Je pénètre à mon tour dans le bahut, puis, de là, dans la pièce et tout se remet en ordre derrière nous.
— Compliments ! dis-je. Votre cachette est all right.
— Elle est à votre disposition en cas de coup dur, affirme Bourgeois. Vous ne seriez pas le premier à l’utiliser, je vous assure…
La petite pièce contient un appareil émetteur de radio et tout ce qu’il faut pour développer des photos. Je confie mon appareil à mon hôte et j’admire la dextérité avec laquelle il opère.
— Je doute que ce soit fameux, lui dis-je, car l’éclairage n’était pas sensationnel.
Il ne répond rien. À la faible lueur de la lampe rouge, je le vois plonger ma pellicule impressionnée dans un bain. Puis il fixe le négatif sur du papier sensible.
J’attends en réfléchissant. Je souhaite ardemment que la photo soit, sinon bonne, du moins suffisamment claire pour que ma petite môme-caméra puisse être identifiée. Cette gosseline me tracasse comme une grippe de printemps. Je voudrais être rancardé à fond sur elle. Pourvu qu’elle ne calanche pas ! Ce serait dommage ; un bath châssis comme ça ! Moi je suis un grand sensible, voyez-vous, j’aime ce qui est beau, depuis le Clair de lune de Werther jusqu’au père Noël, en passant par les girls de Tabarin.
Bourgeois donne la lumière, ce qui a pour résultat de me faire battre des paupières.
— Pas si mal que cela, dit-il.
Il me passe un morceau de carton glacé, humide.
— Regardez !
En effet, je peux être fier de mes talents de photographe.
On distingue assez distinctement la blessée, flanquée de la bonne grosse infirmière. À propos de celle-ci, elle a dû baver des pendules, hier au soir, en découvrant que je n’étais pas à son rendez-vous nocturne. Bast ! La désillusion c’est le chemin de l’expérience.
— Bon boulot, dis-je à mon compagnon. Y a-t-il un moyen d’envoyer cette photo à Londres ?
— Bien sûr…
Je saisis l’image et j’écris au dos, au moyen d’un crayon fuschine : Qui est-ce ?
— Envoyez un mot les informant de mon arrivée. Inutile de parler de mes démêlés avec la Gestapo…
— N’ayez pas peur, sourit Bourgeois. Mais quel enfant terrible vous faites…
— C’est exactement ce que Félicie, ma brave femme de mère, et Gisèle[2] se tuent à me répéter… Où aurai-je la réponse à mon message ?
— Ici.
— Vous savez bien qu’il serait imprudent que je fréquente votre magasin…
— Allons donc… Vous n’aurez qu’à me téléphoner avant de débarquer ici. Je suppose que vous devez repérer les anges gardiens d’instinct ?
— Et comment !
— Alors, c’est parfait. Il s’agit simplement de prendre des précautions…
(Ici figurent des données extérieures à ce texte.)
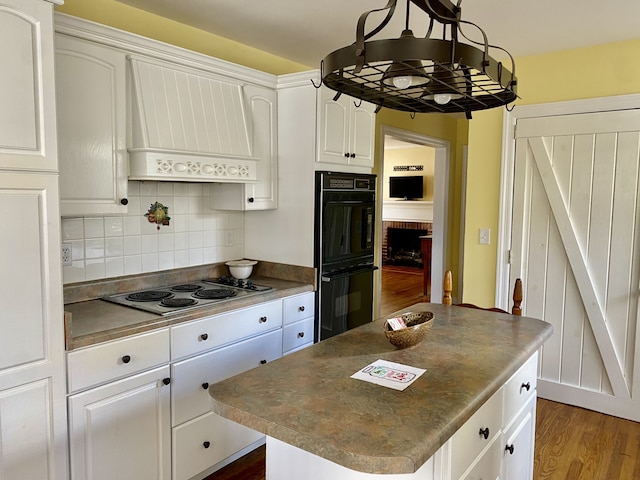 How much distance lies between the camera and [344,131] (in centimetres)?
331

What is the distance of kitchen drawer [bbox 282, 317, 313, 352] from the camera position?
2.99 metres

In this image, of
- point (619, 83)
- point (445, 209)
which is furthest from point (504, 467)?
point (445, 209)

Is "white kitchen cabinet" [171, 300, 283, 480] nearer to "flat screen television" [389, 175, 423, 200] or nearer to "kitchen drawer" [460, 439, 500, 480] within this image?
"kitchen drawer" [460, 439, 500, 480]

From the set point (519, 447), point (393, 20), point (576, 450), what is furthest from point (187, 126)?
point (576, 450)

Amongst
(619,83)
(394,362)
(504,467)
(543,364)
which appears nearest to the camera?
(394,362)

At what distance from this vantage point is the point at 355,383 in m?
1.51

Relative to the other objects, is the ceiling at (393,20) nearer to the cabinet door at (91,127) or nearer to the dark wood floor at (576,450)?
the cabinet door at (91,127)

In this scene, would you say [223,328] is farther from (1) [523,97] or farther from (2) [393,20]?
(1) [523,97]

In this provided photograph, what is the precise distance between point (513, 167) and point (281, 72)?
1942mm

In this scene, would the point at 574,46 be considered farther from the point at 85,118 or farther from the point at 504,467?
the point at 85,118

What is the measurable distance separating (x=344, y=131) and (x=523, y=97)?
141cm

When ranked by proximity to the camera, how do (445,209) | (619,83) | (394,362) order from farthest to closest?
(445,209) → (619,83) → (394,362)

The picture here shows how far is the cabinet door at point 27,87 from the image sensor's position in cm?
168

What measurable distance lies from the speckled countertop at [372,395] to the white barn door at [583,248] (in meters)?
1.57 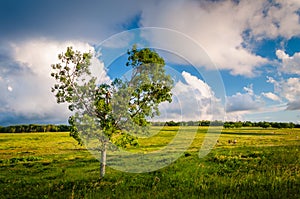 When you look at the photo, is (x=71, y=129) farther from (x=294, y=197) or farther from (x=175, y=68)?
(x=294, y=197)

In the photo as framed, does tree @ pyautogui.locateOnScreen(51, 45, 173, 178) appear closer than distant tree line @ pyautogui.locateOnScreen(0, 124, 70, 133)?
Yes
Décidément, Bourgeois est un gars épatant. Nous sortons de son bahut et je prends congé de lui.
Au bout de quelques mètres, je me frotte l’œil droit avec énergie, jusqu’à ce qu’il soit devenu rouge et tuméfié, après quoi je pénètre chez un opticien.
— Je souffre de conjonctivite, expliqué-je, l’air et la lumière me fatiguent énormément la vue. Vous n’auriez pas des lunettes à verres légèrement teintés ?
L’opticien a mon affaire. Je choisis des bésicles à monture courante et des verres très peu colorés, afin de ne pas attirer l’attention. Ensuite, j’entre dans un bistrot, je m’enferme dans les lavabos et arrache le talon d’une de mes chaussures, ceci pour transformer ma démarche. Me voici brusquement affligé d’une légère claudication. Demain, ma moustache commencera à être apparente. Mon percepteur, lui-même, ne me reconnaîtra pas. Ça doit coller. En somme, les Frizous n’ont mon signalement que par personnes interposées, puisque j’ai ratatiné les deux armoires chargées de m’appréhender…
Si je tiens mes pieds au sec, je n’aurai pas trop à m’inquiéter des occupants.
Je vais m’alimenter, puis j’achète les journaux de l’après-midi. Tous parlent de mon affaire et — évidemment — m’appellent l’assassin, le monstre, le dangereux terroriste, etc.
J’apprends que je suis l’auteur de l’assassinat de Slaak, dont le corps a été découvert par un petit télégraphiste, et que je dois tremper dans la bande de terroristes qui a mitraillé le restaurant du Coq-Hardi à La Panne. On ne dit pas grand-chose de la môme-caméra, sinon qu’elle a été grièvement blessée. On ne l’appelle que « la malheureuse jeune femme », ce qui, vous l’avouerez, ne me renseigne pas sur son identité.
Désabusé, je balance le canard dans une bouche d’égout et je décide de me mettre sérieusement au tapin.
Mentalement, je passe en revue les noms des collaborateurs de Bourgeois. Ils sont sept, je le répète, et le traître se trouve parmi eux.
Si je commençais par l’une des deux femmes ?
L’une des deux femmes s’appelle Laura. Je me dis qu’avec un prénom pareil, une gnère ne doit pas avoir la tranche d’une marchande de robinets et, comme je suis aussi sensible au beau sexe qu’un poisson l’est à l’élément liquide, je décide de commencer mon enquête par elle.
Elle pioge dans une petite rue pittoresque, du côté de la place du Parlement. C’est vieux, gris, triste et doré comme un bouquin ancien. Ça vous a un certain charme. En contemplant cette façade aux fenêtres munies de petits carreaux, j’attrape une sorte de vague à l’âme indéfinissable.
Je me dis que la guerre et la chasse aux traîtres sont des trucs terriblement stériles et je rêve de me trouver dans une petite pièce confortable, entre deux bras blancs. L’amour, il n’y a que ça de chouilla sur cette garce de planète…
J’en suis là de mes réflexions extra-philosophiques lorsqu’une espèce de petite déesse sort de l’immeuble. Illico une sonnerie, identique à celle annonçant l’arrivée des trains dans les gares, se déclenche sous mon dôme. Je sens que Laura c’est cette petite beauté portative.
Elle croise une grosse daronne, un peu moins large que les grands magasins du Louvre et lui dit :
— Bonjour, madame Deulam.
Croyez-moi ou ne me croyez pas, mais sa voix correspond à son physique. Elle vous flanque plus de frissons dans le corps que ne le ferait un courant à haute tension.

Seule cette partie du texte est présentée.